++++ RECORDS FOR THE EXERCISE ++++

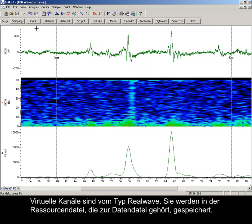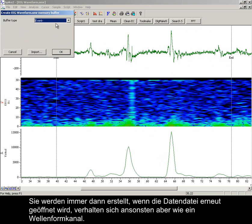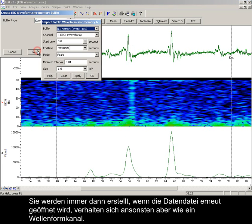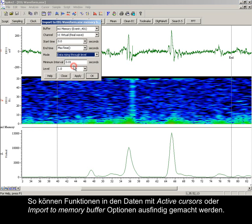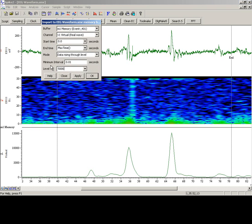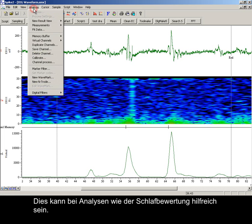Virtual channels are of the real wave type. They are stored in the resource file that accompanies the data file. They are created whenever the data file is reopened, but otherwise behave just like a waveform channel. Because of this, it is possible to locate features in the data using active cursors or import to memory buffer options. Here we are marking every upward stroke exceeding a level of 5000, which can help with analysis such as sleep scoring.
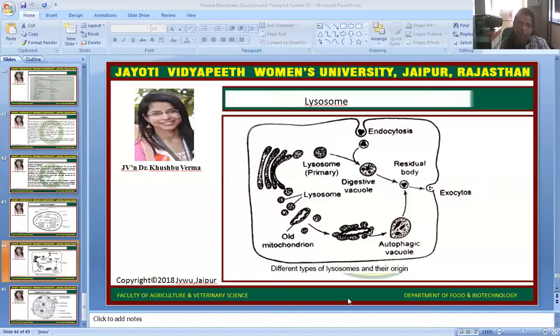So those are the two pathways involved in the Lysosome process. This is the summary of this session, powered by Digital Version 2.0, Jyoti Vidya Peeth Women's University. Hope you are satisfied with this digital session. If you have any queries, please mention them in the comment box and I will resolve them. Thank you.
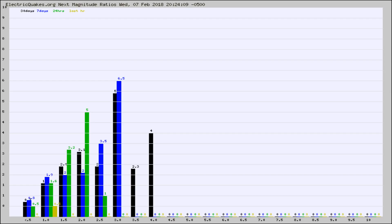Again, the black column is 30 days, blue is 7, green is 24 hours, and gold is in the last hour.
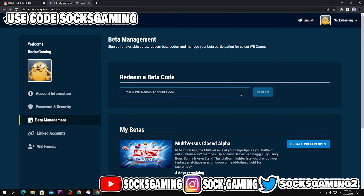Obviously, you're going to have to enter a code. I don't have a code — they send the codes through email. It may take days, it may take minutes; it's just random. They send the codes out randomly, so continue checking your emails.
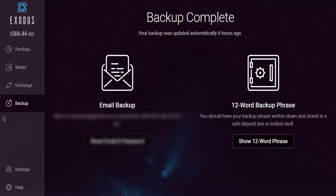There is a backup option as well. It shows the email address where the backup is sent. There is also a 12-word backup phrase in case you want to unlock your Exodus backup again.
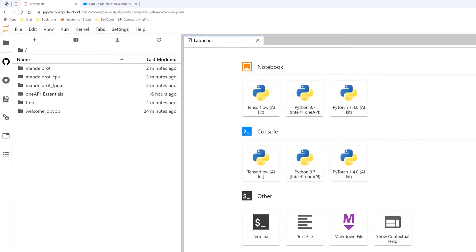OneAPI provides a cross-architectural language called Data Parallel C++, with best-in-class compilers, performance libraries, and analysis tools for high-performance heterogeneous code.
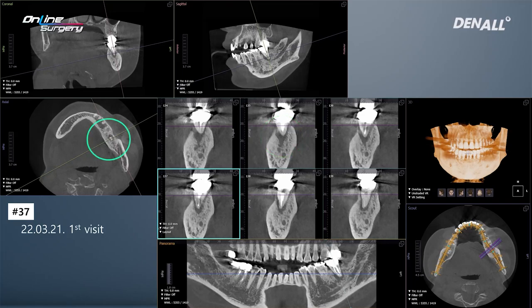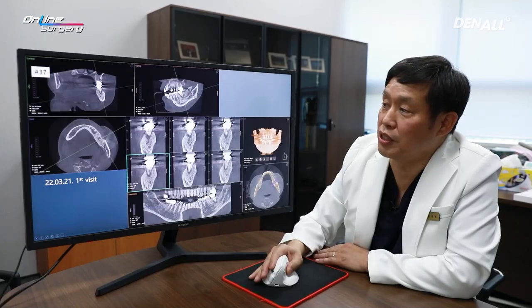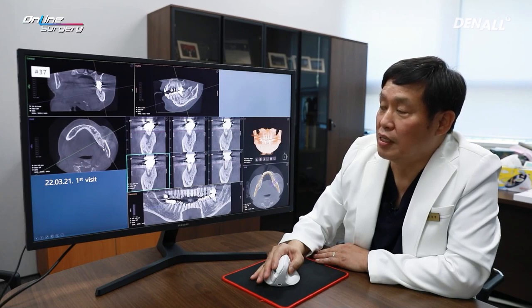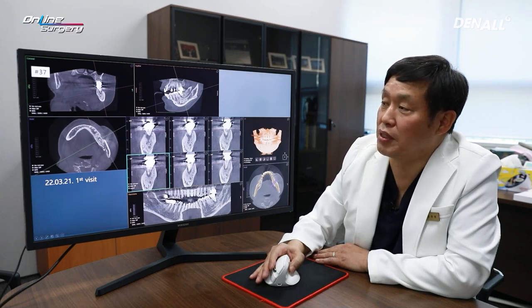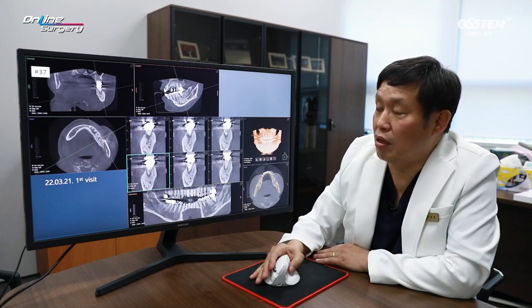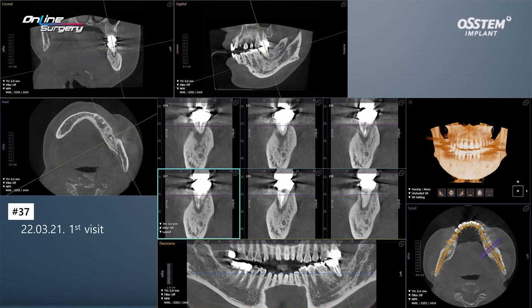If you look on CT, compared with mesial to number 37, the medullary portion shows a sclerotic change. When there's a periapical lesion and spread of inflammation due to the defensive response of the host, you can see that the surrounding bone is more hardened. Such sclerotic changes are not a major hurdle in placing an implant.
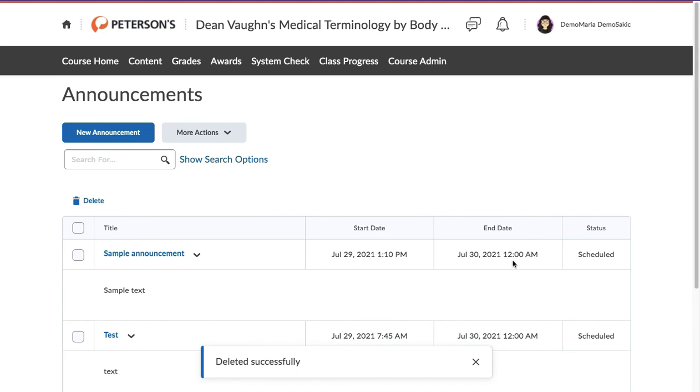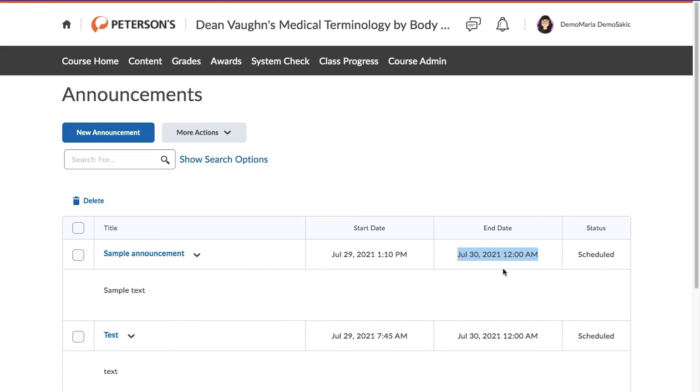Make sure to always set an end date for your announcements, or they will overlap in the Announcement widget.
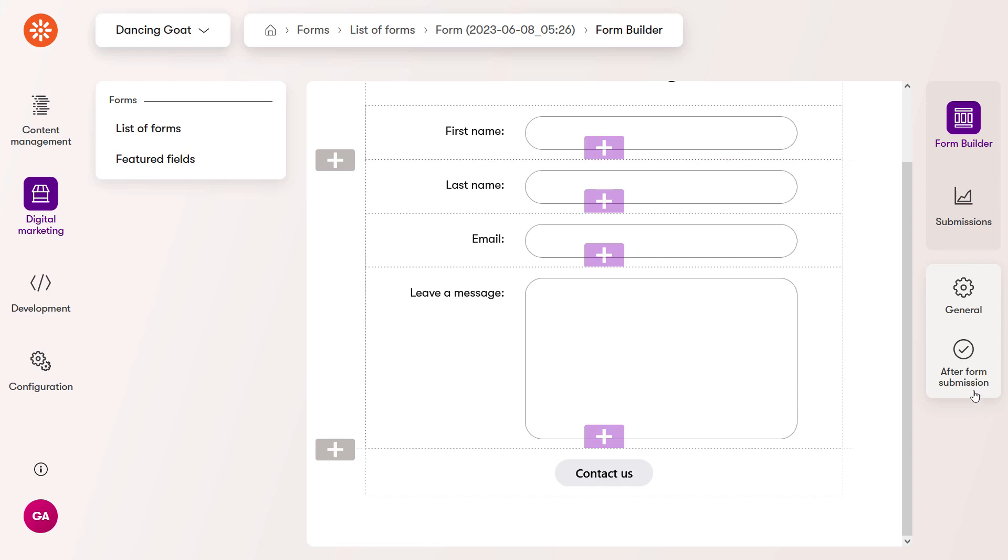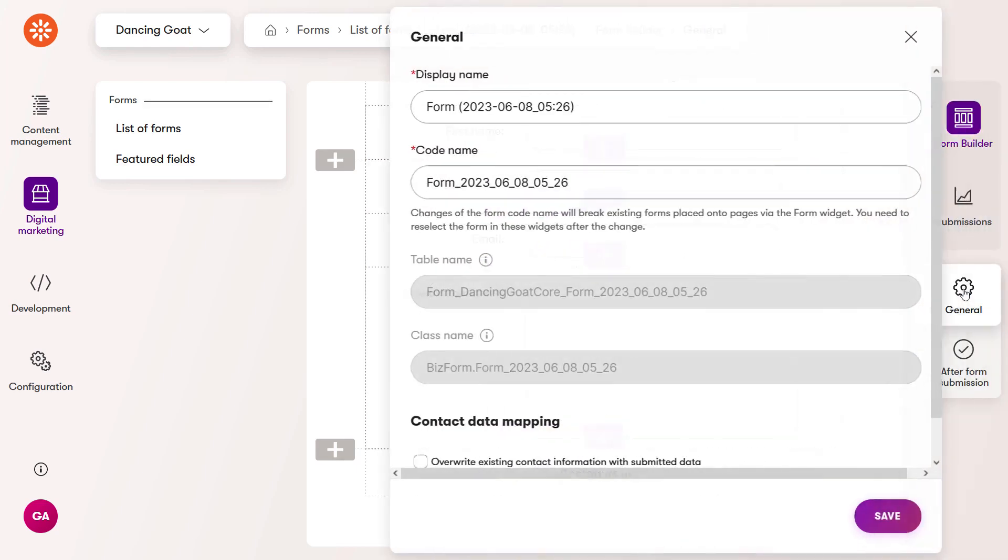In the general tab on the right, change the name of your form so it's easier to distinguish from other forms you've created. Then also change the code name.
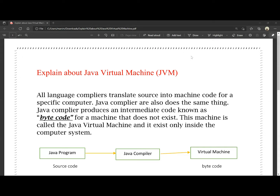All language compilers translate source code into machine code for a specific computer. Any language compiler can translate the source code into machine code. Java compiler also does the same thing.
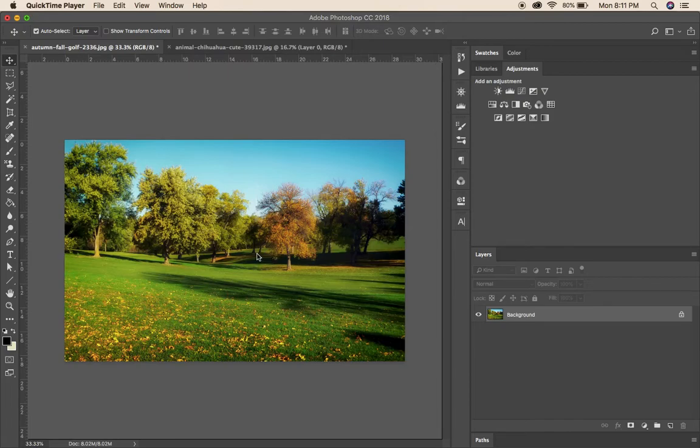Hey guys, just wanted to take a minute or two today and show you how to do a fun little composite image in Photoshop.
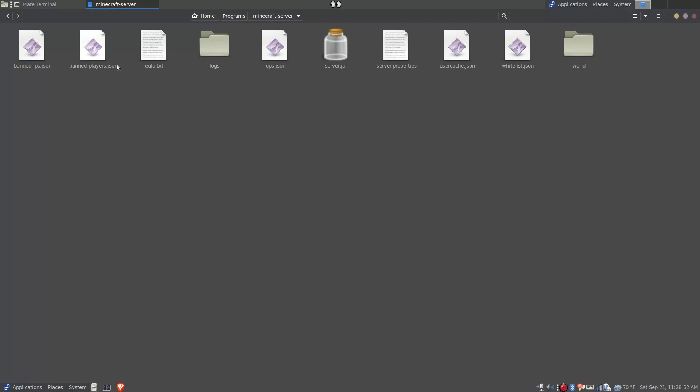Okay, so in the file system here we see this file server.jar is the actual Minecraft server itself, and all these other files and folders around it are things that are extracted and created when it's successfully run for the second time.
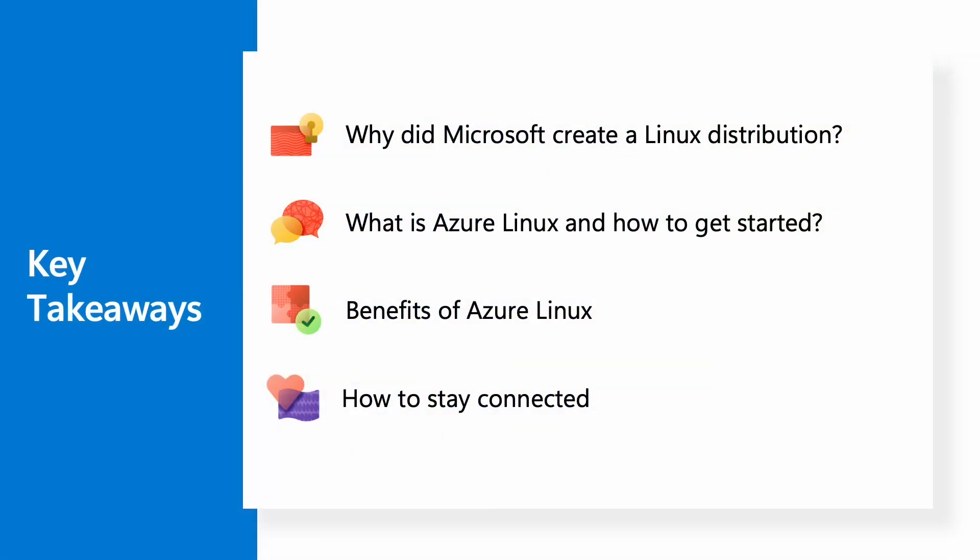Some of the key takeaways from this video will be for everyone to understand why Microsoft created its own Linux distribution, what Azure Linux is and how you can get started, some of the benefits of Azure Linux, and how you can stay connected with the product team.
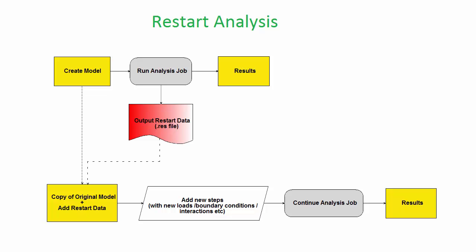However, you must request Abaqus to output restart data before running the original simulation, otherwise no restart file will be created.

++++

## WHAT YOU WILL DO
Could you transcribe the records above exactly, leaving out any pictures?

## WRITTEN SOLUTION
Virtual channels are of the real wave type. They are stored in the resource file that accompanies the data file. They are created whenever the data file is reopened, but otherwise behave just like a waveform channel. Because of this, it is possible to locate features in the data using active cursors or import to memory buffer options. Here we are marking every upward stroke exceeding a level of 5000, which can help with analysis such as sleep scoring.
So those are the two pathways involved in the Lysosome process. This is the summary of this session, powered by Digital Version 2.0, Jyoti Vidya Peeth Women's University. Hope you are satisfied with this digital session. If you have any queries, please mention them in the comment box and I will resolve them. Thank you.
Again, the black column is 30 days, blue is 7, green is 24 hours, and gold is in the last hour.
Obviously, you're going to have to enter a code. I don't have a code — they send the codes through email. It may take days, it may take minutes; it's just random. They send the codes out randomly, so continue checking your emails.
There is a backup option as well. It shows the email address where the backup is sent. There is also a 12-word backup phrase in case you want to unlock your Exodus backup again.
OneAPI provides a cross-architectural language called Data Parallel C++, with best-in-class compilers, performance libraries, and analysis tools for high-performance heterogeneous code.
If you look on CT, compared with mesial to number 37, the medullary portion shows a sclerotic change. When there's a periapical lesion and spread of inflammation due to the defensive response of the host, you can see that the surrounding bone is more hardened. Such sclerotic changes are not a major hurdle in placing an implant.
Make sure to always set an end date for your announcements, or they will overlap in the Announcement widget.
In the general tab on the right, change the name of your form so it's easier to distinguish from other forms you've created. Then also change the code name.
All language compilers translate source code into machine code for a specific computer. Any language compiler can translate the source code into machine code. Java compiler also does the same thing.
Hey guys, just wanted to take a minute or two today and show you how to do a fun little composite image in Photoshop.
Okay, so in the file system here we see this file server.jar is the actual Minecraft server itself, and all these other files and folders around it are things that are extracted and created when it's successfully run for the second time.
Some of the key takeaways from this video will be for everyone to understand why Microsoft created its own Linux distribution, what Azure Linux is and how you can get started, some of the benefits of Azure Linux, and how you can stay connected with the product team.
However, you must request Abaqus to output restart data before running the original simulation, otherwise no restart file will be created.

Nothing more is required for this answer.